__Brief__. Would you restate every entry that follows, word for word, and leave out the pictures?

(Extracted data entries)
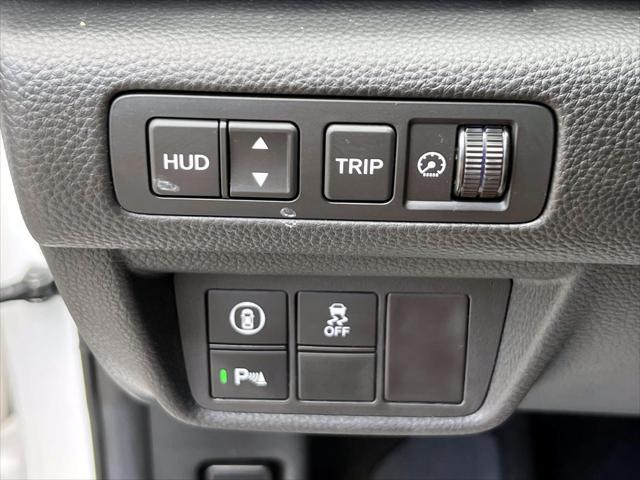 used 2019 Honda Accord car, priced at $24,995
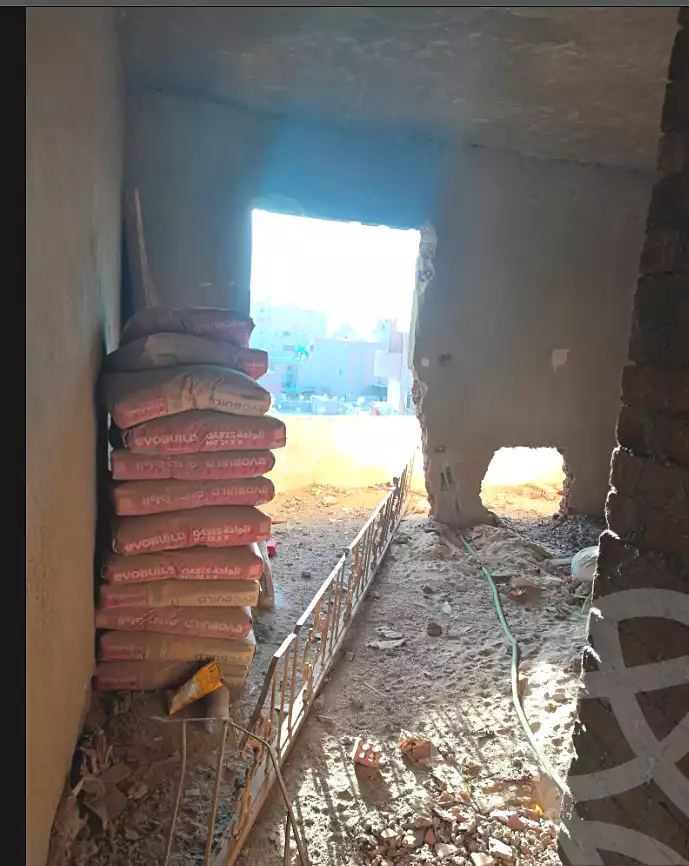 https://aqarmap.com.eg/en/listing/7372601-for-sale-cairo-faisal-el-tawabeq-el-shaheed-ahmed-hamdy-st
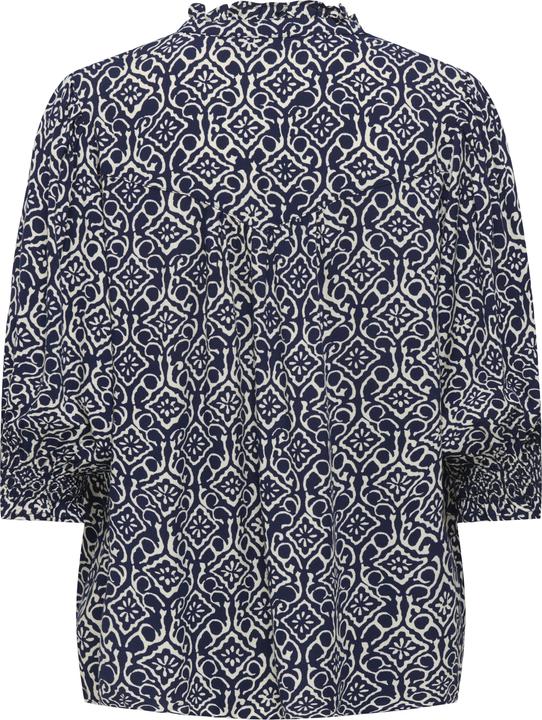 Immagine prodotto Only Onlraya 3/4 Shirt Wvn Noos (S)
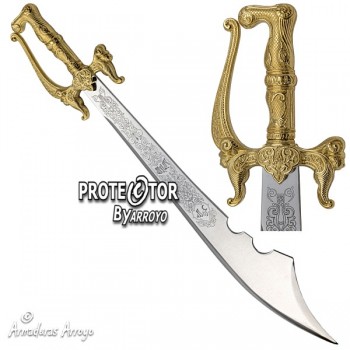 Producto Prueba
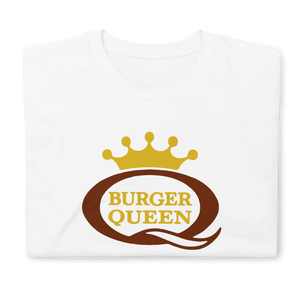 Burger Queen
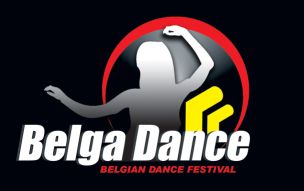 Belga Dance - Belgian dance festival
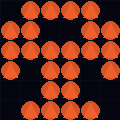 83.147.151.254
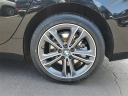 Thumbnail image of 2024 BMW 2 Series at Bert Smith BMW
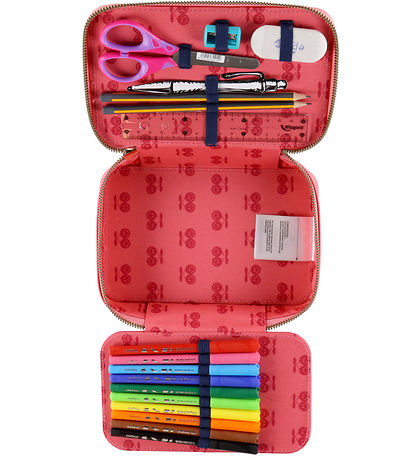 Jeune Premier Penalhus m. Indhold - Candy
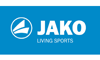 Jako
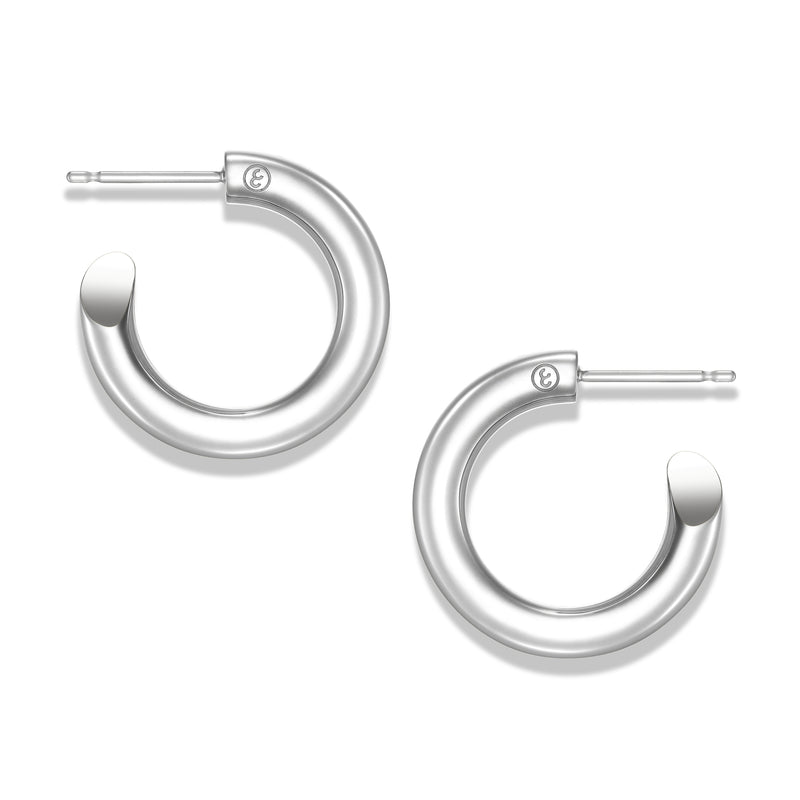 PLACEBO 701 PLATINUM | CAREERING - キャリアリング公式オンラインストア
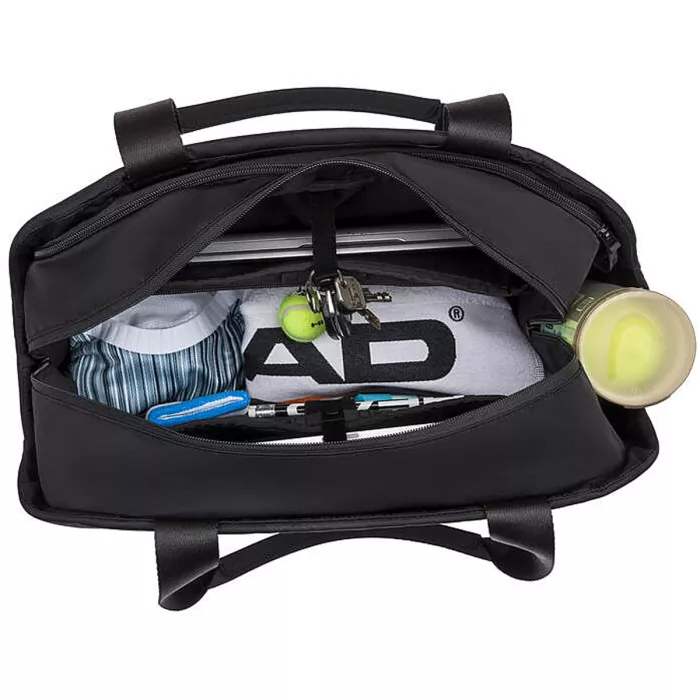 HEAD pro x tote bag 22l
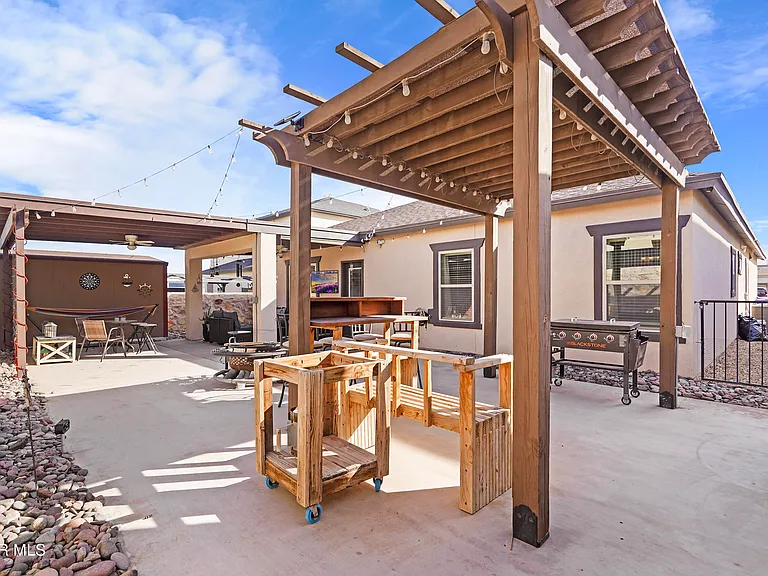12597 New Dawn Dr — Photo 29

__Task solution__.
 used 2019 Honda Accord car, priced at $24,995
 https://aqarmap.com.eg/en/listing/7372601-for-sale-cairo-faisal-el-tawabeq-el-shaheed-ahmed-hamdy-st
 Immagine prodotto Only Onlraya 3/4 Shirt Wvn Noos (S)
 Producto Prueba
 Burger Queen
 Belga Dance - Belgian dance festival
 83.147.151.254
 Thumbnail image of 2024 BMW 2 Series at Bert Smith BMW
 Jeune Premier Penalhus m. Indhold - Candy
 Jako
 PLACEBO 701 PLATINUM | CAREERING - キャリアリング公式オンラインストア
 HEAD pro x tote bag 22l
12597 New Dawn Dr — Photo 29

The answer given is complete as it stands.